# Dunree Fort, Co. Donegal, Ireland - May 2010



## cardiffrail (Jun 7, 2010)

Dunree Fort, located on the west side of the Inishowen peninsula in the north of Ireland, is a Napoleonic period fort. The fort is located on a rocky promontory accessed over a natural fissure. It was remodelled in 1895 to have 2 x 4.7 inch (119 mm) QF guns below, and later 12 pounder (5 kg) QF and 2 x 6 inch (152 mm) guns in a battery above. The top of a hill overlooking the site was walled in to form a redoubt. The fort is now a military museum with detailed exhibitions, many restored guns, and a rotting military camp.

The Flight of the Earls, O’Neill and O’Donnell into exile took place from Rathmullan in September 1607. Wolfe Tone was taken under naval arrest into Buncrana in 1798 and In more recent times during World War I, the Grand Fleet sheltered in the Lough.

Today Fort Dunree houses a small museum of military memorabilia and artefacts as well as an array of large guns from the 20th Century.
Near to the spot where Wolfe Tone was brought ashore in 1798 a small fort was erected to guard against the possible return of a French invasion fleet.

In the late 19th Century the fort was modernised and elarged with the building of the, ‘Top Fort’ on Dunree Hill. During World War I it stood guard whilst Admiral Lord Jellicoe’s fleet anchored in Lough Swilly prior to engaging the German Navy at the Battle of Jutland.

During World War II Irish forces were stationed at Fort Dunree to prevent the warring nations violating the country’s neutrality
Control of the fort was transferred to the Irish Free State just before World War II.

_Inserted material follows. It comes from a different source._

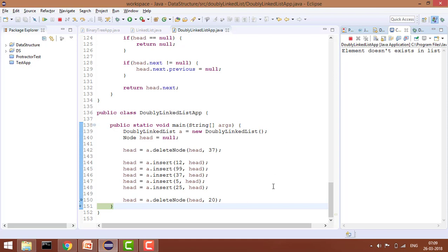We have seen all the edge cases for deleting a particular node in a doubly linked list. The time complexity is O(n) because in the worst case we need to traverse the whole linked list. In the next tutorial we will see how to delete a node at a particular position — first, last, or any given position. If you liked this video, please like and subscribe the channel for more such videos.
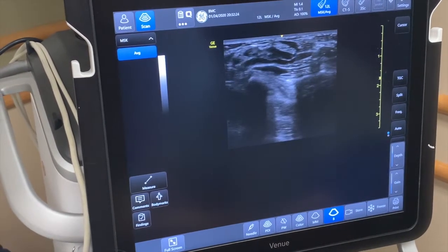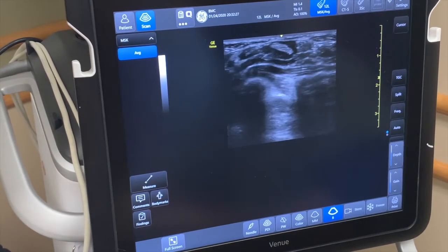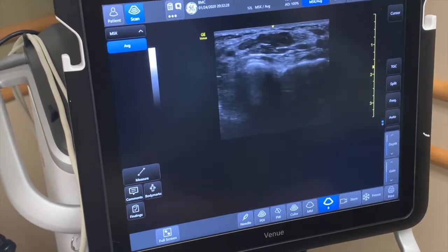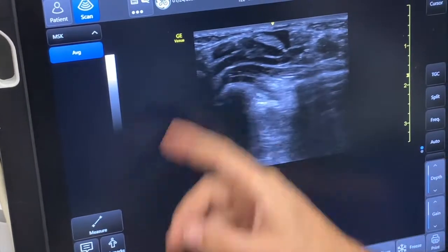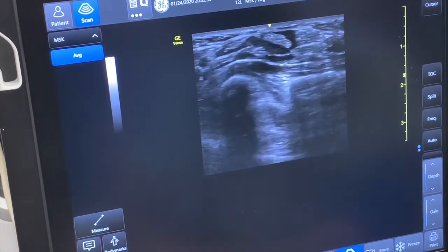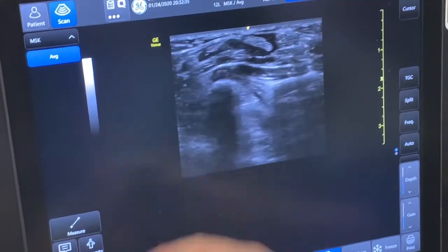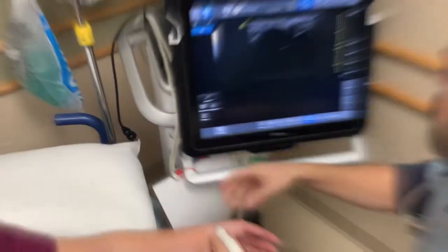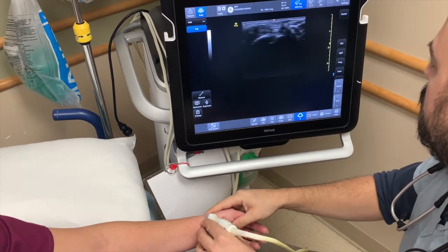You can usually tell nervous tissue by when you rock the probe back and forth — it kind of changes color depending on how the probe is positioned. You can see that there. We're also starting to see carpal bones here, just the shadows there.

The museum comprises the small part of the complex located on a headland overlooking the sea. The majority of the remainder of the site, comprising the former barracks and the 'top fort' are owned by the museum, but are not maintained in any way. Much of the area is overgrown and the wooden barrack buildings are in a poor state of repair. 

Upper Battery - 6'' guns and associated bunker; the bunker is not on the 'tour'. 















































The 'top fort'


----------



## cardiffrail (Jun 7, 2010)

Part 2. This site is massive. I spent about 3 hours there.

Barracks

















































































A few other general shots, gun emplacements, pillboxes and the like


----------



## Foxylady (Jun 16, 2010)

What a fabulous site. Great to see remains from the various different periods. Love the top fort.
Cheers, Cardiff.


----------